On Monday this week the front page of the Auckland Herald’s print edition announced that the paper was going to run a campaign to fight what it called “the lockout of democracy” in the Super City.
There was nothing on the Herald website all week, which seems odd if it was a real campaign.
On Tuesday and Wednesday, there were a few articles under a banner heading on Page 2. On Wednesday and Thursday, Rodney Hide and Steven Joyce had weighed in on the op-ed page, with Joyce again active on the news pages on Thursday.
Today we have an editorial, which starts:
Throughout the week, a Herald series entitled “Super City – the public lockout” has focused on the seven council controlled organisations proposed for the Auckland region. The starting point was a belief that these represented a fundamental shift in the proposed democratic constitution of the Super City.
Seeking to refute that view and allay widespread concerns have been the Local Government Minister, Rodney Hide, and the Transport Minister, Steven Joyce.
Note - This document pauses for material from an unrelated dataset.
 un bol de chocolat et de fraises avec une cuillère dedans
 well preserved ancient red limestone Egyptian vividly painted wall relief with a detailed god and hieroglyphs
Their response was unconvincing.
…the Government has hinted at minor changes to make the CCOs more accountable to the council and ratepayers. But there has been no sign that it might, say, shelve the transport CCO or limit the waterfront agency to development issues. It seems resolved to impose this model on Auckland.Better sense must prevail. If not, Aucklanders will, indeed, feel locked out of the major decisions on their city’s future. It is hard to think of the Super City starting life under a more serious handicap.
That sounds like a whimp out.
Come on Herald – where are the on-line polls, the website and Facebook sites, the endless stories from different journos about the views of Aucklanders and the problems that are likely to surface with what you have rightly called a “democracy lockout?”
We know you can do it; you certainly did with it your campaign against the Electoral Finance Bill.
The right to have a democratic say is priceless and fragile – remember Abe Lincoln’s concluding prayer at Gettysburg that “government of the people, by the people, for the people shall not perish from this earth”.
It will perish in Auckland – and it was your call. Time to pick it up.